### MATERIAL SHOWN
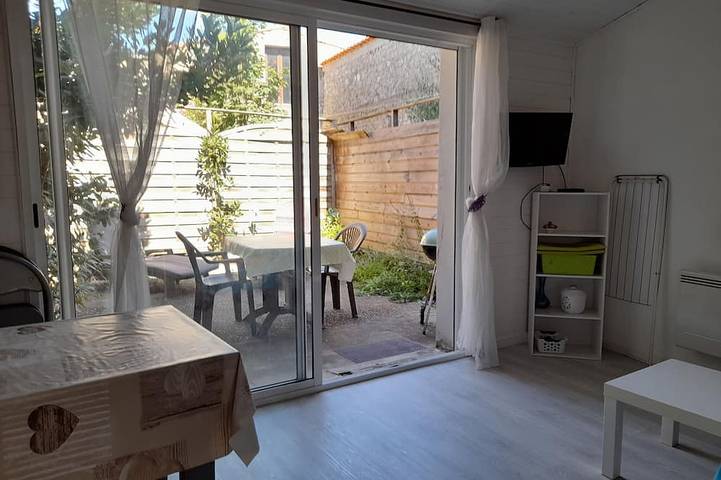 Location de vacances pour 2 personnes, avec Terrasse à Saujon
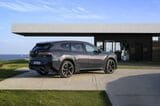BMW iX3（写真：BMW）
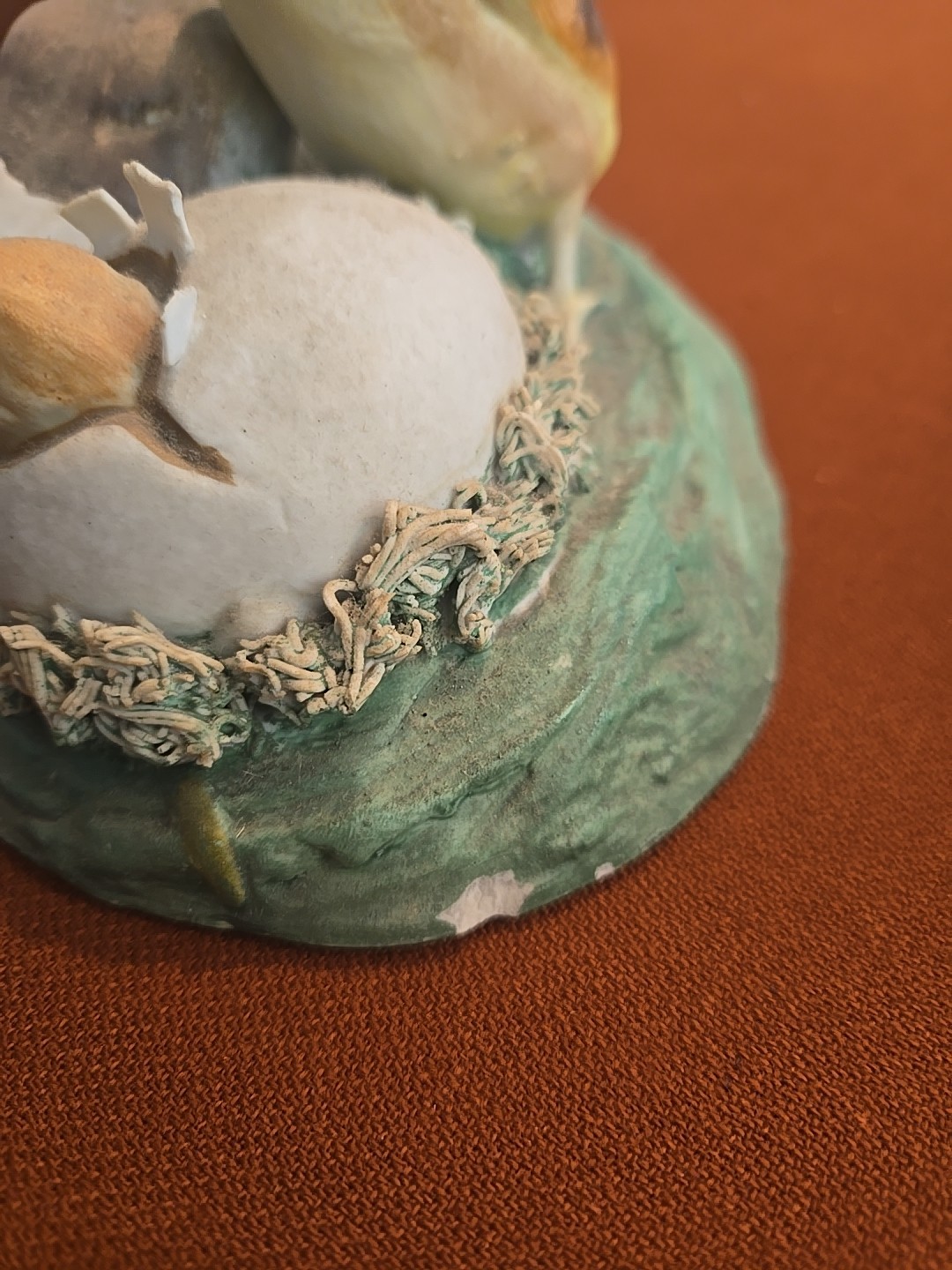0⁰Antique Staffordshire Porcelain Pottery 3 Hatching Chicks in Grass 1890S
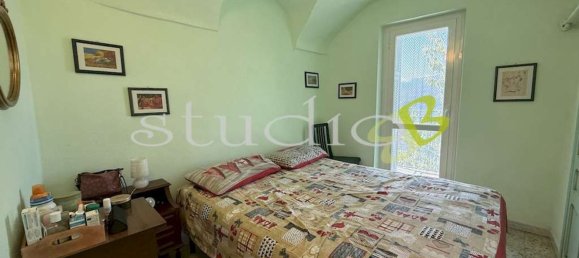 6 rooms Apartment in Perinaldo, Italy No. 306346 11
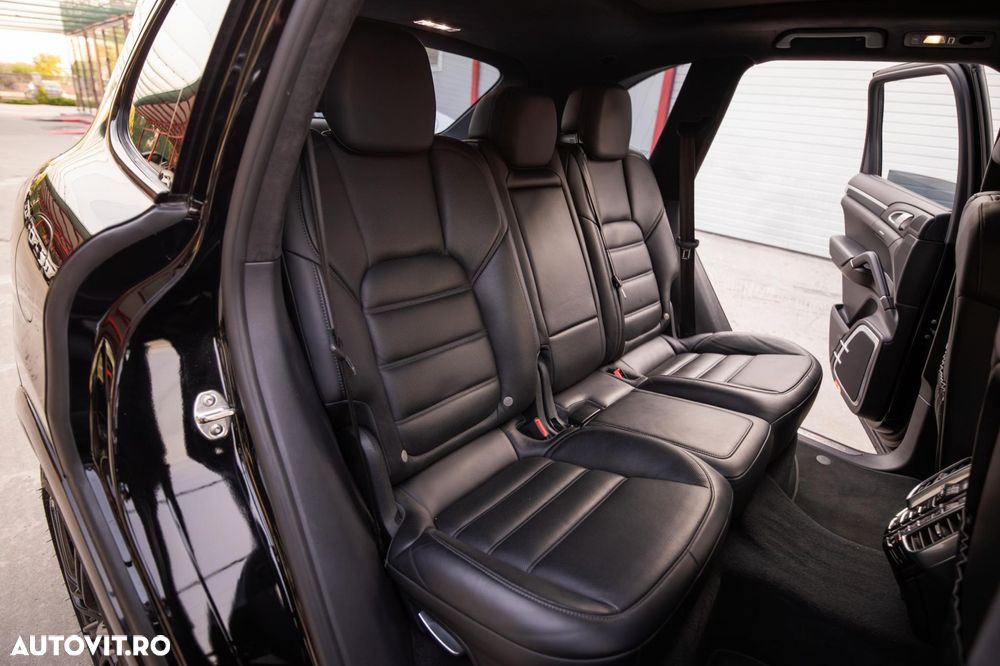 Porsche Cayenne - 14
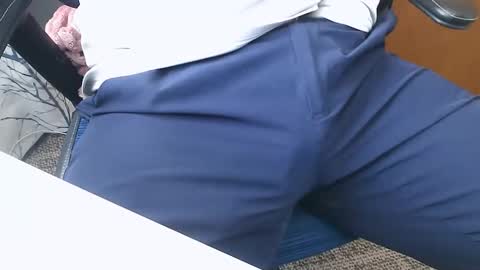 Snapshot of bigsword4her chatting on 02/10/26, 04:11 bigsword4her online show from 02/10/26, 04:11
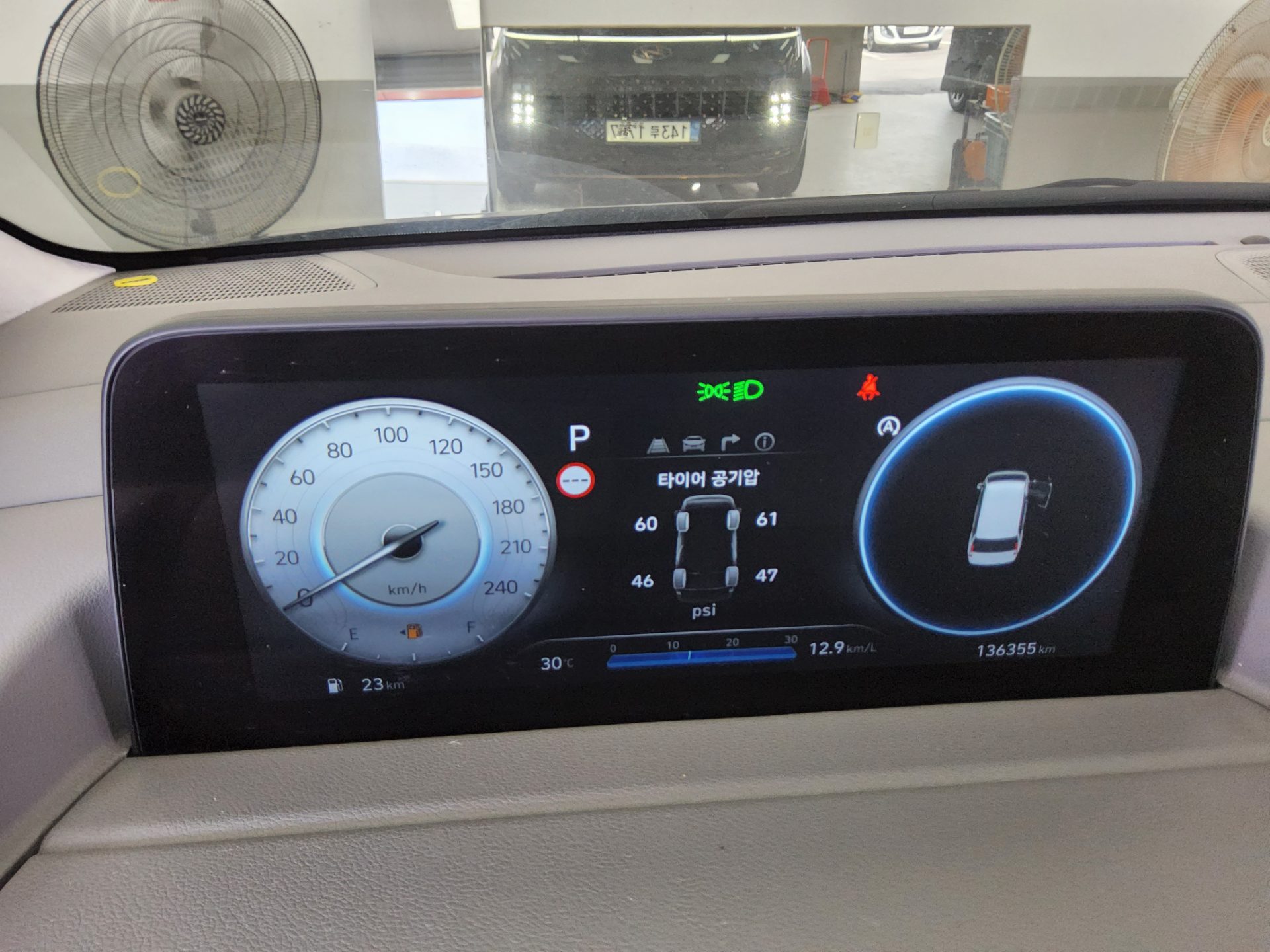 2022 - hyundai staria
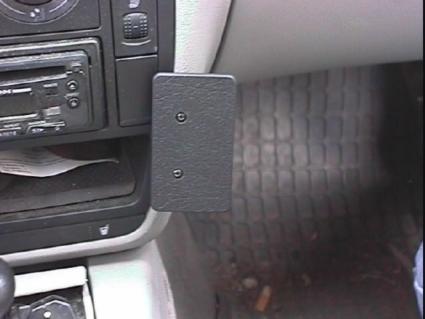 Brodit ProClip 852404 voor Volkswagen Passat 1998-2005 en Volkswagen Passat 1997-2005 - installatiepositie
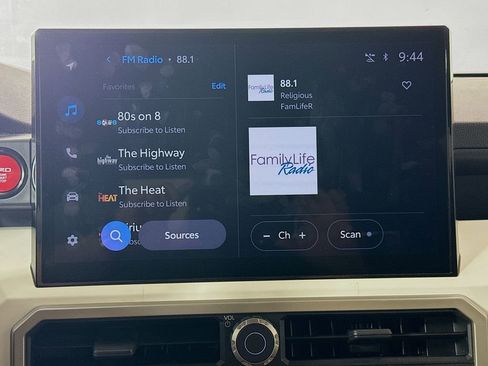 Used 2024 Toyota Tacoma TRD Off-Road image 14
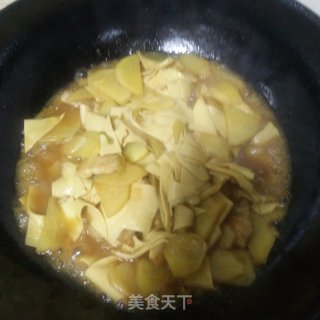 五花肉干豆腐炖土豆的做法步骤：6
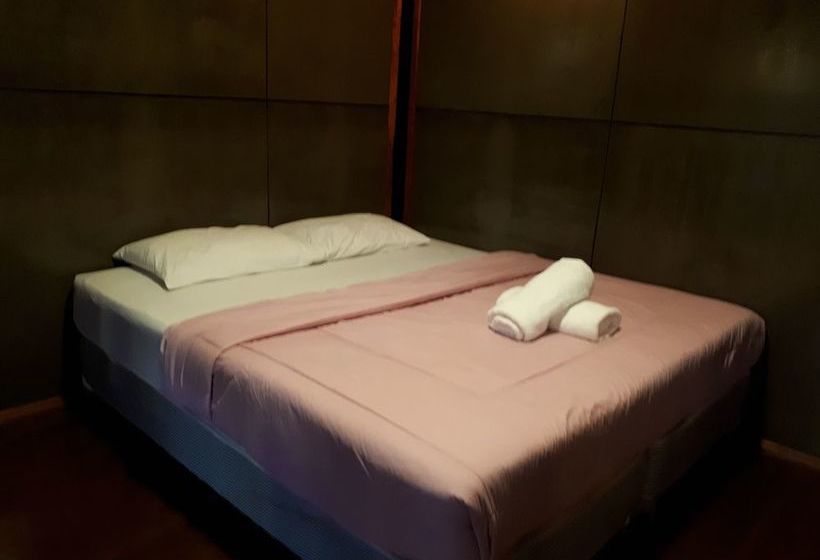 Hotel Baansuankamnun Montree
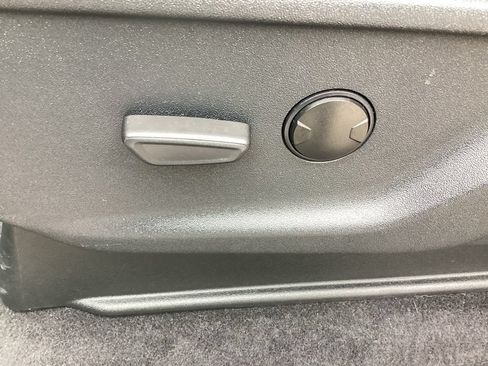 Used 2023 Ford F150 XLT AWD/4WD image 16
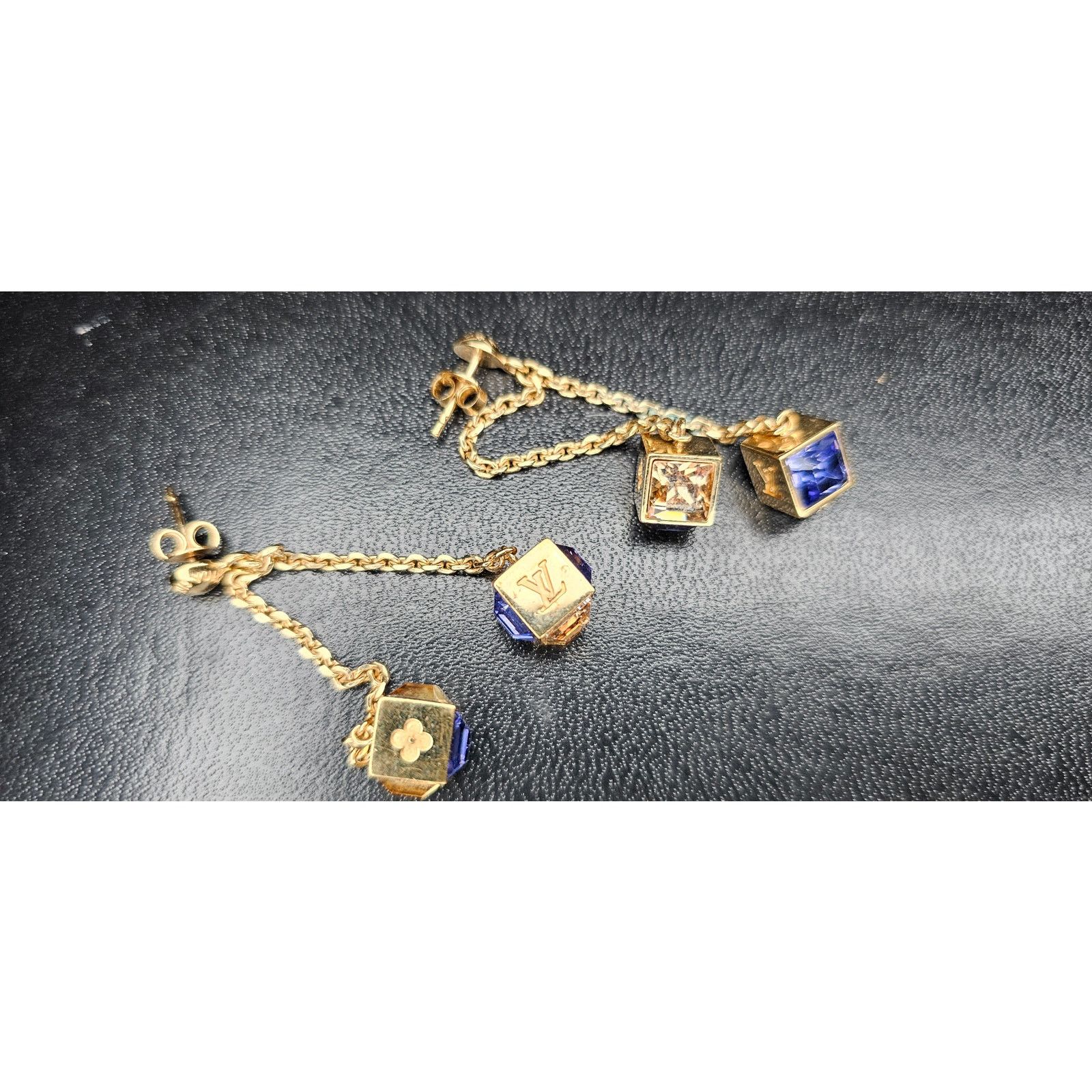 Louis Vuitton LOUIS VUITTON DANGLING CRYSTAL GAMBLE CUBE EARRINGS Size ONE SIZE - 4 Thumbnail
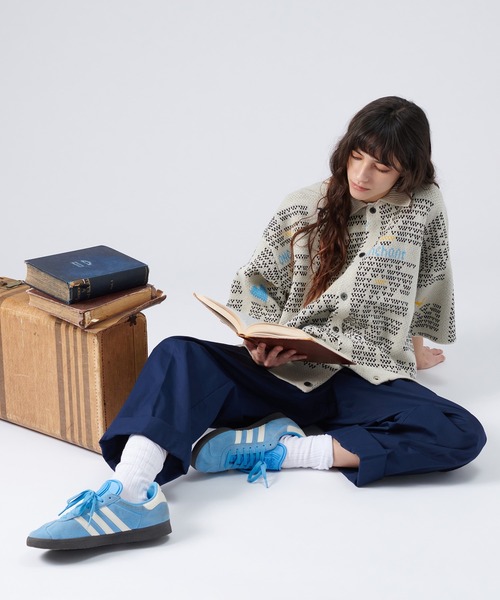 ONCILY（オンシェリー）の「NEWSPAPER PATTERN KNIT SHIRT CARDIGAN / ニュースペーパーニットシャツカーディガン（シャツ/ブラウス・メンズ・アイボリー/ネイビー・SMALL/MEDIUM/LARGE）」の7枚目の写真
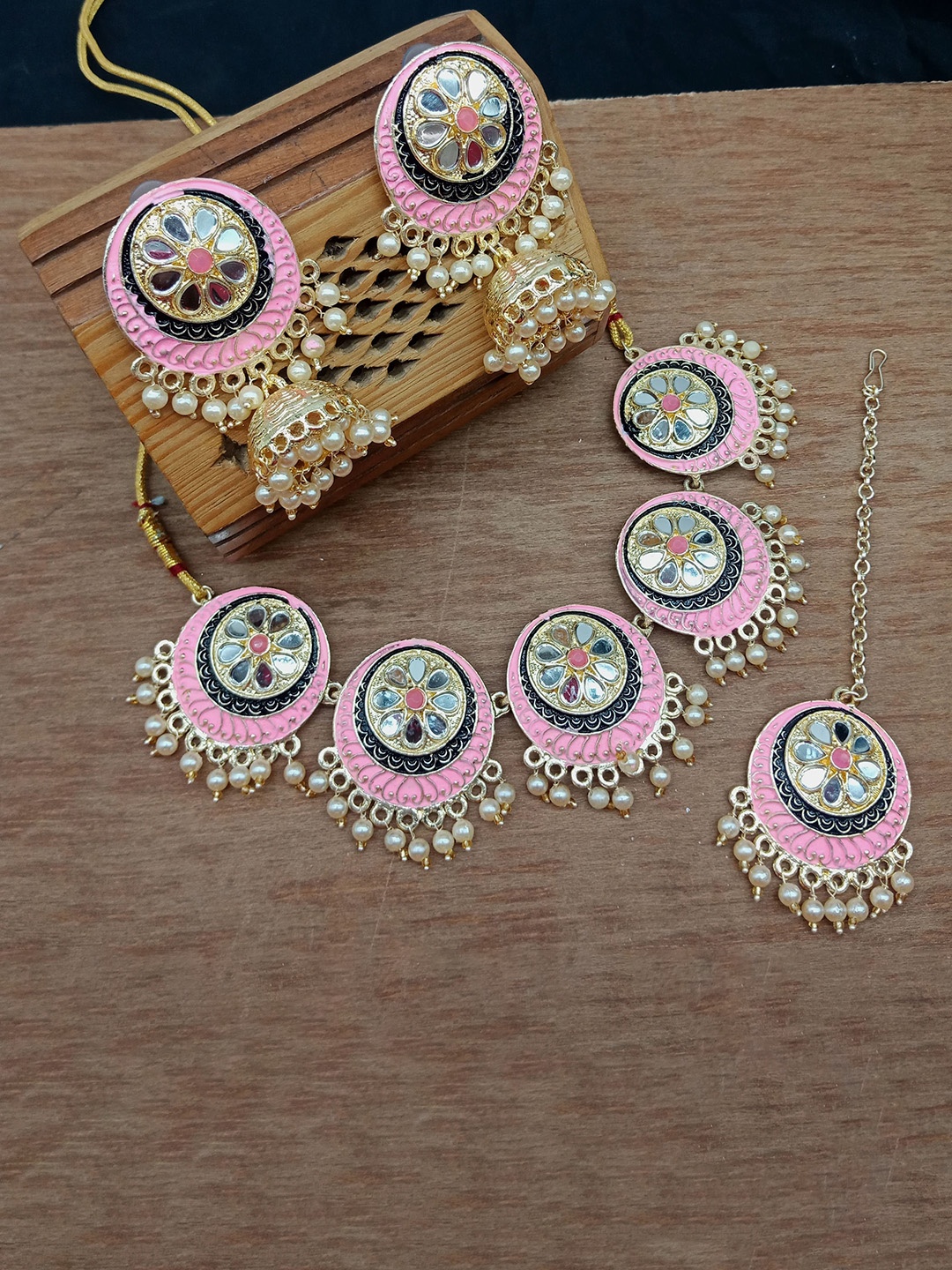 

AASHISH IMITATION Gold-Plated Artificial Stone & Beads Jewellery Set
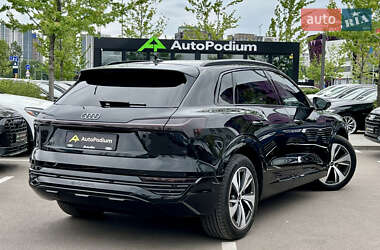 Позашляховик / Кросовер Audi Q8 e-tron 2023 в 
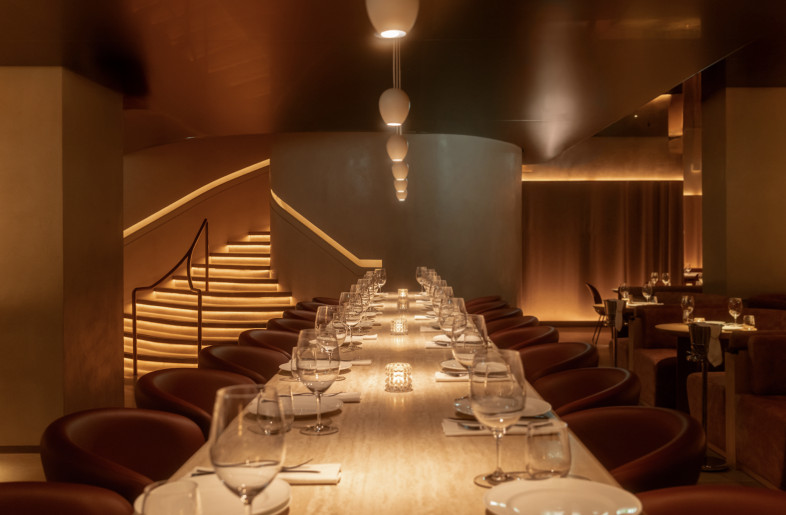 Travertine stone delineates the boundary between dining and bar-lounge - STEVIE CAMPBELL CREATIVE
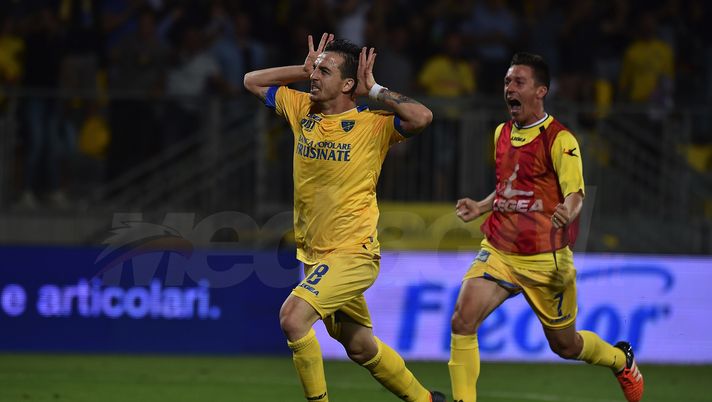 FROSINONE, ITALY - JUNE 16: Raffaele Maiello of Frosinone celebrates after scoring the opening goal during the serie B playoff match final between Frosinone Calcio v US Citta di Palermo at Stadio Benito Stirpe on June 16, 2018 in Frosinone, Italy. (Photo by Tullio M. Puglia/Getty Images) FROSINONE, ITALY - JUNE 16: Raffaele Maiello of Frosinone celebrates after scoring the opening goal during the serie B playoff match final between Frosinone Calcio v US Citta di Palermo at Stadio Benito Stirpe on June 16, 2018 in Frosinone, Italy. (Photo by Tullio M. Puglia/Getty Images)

### WORK TO COMPLETE
Leaving every picture out, please copy exactly the lines from the one holding "Louis Vuitton LOUIS" through the last line of the listing, both ends included.

### RESPONSE TO THE TASK
 Louis Vuitton LOUIS VUITTON DANGLING CRYSTAL GAMBLE CUBE EARRINGS Size ONE SIZE - 4 Thumbnail
 ONCILY（オンシェリー）の「NEWSPAPER PATTERN KNIT SHIRT CARDIGAN / ニュースペーパーニットシャツカーディガン（シャツ/ブラウス・メンズ・アイボリー/ネイビー・SMALL/MEDIUM/LARGE）」の7枚目の写真

AASHISH IMITATION Gold-Plated Artificial Stone & Beads Jewellery Set
 Позашляховик / Кросовер Audi Q8 e-tron 2023 в 
 Travertine stone delineates the boundary between dining and bar-lounge - STEVIE CAMPBELL CREATIVE
 FROSINONE, ITALY - JUNE 16: Raffaele Maiello of Frosinone celebrates after scoring the opening goal during the serie B playoff match final between Frosinone Calcio v US Citta di Palermo at Stadio Benito Stirpe on June 16, 2018 in Frosinone, Italy. (Photo by Tullio M. Puglia/Getty Images) FROSINONE, ITALY - JUNE 16: Raffaele Maiello of Frosinone celebrates after scoring the opening goal during the serie B playoff match final between Frosinone Calcio v US Citta di Palermo at Stadio Benito Stirpe on June 16, 2018 in Frosinone, Italy. (Photo by Tullio M. Puglia/Getty Images)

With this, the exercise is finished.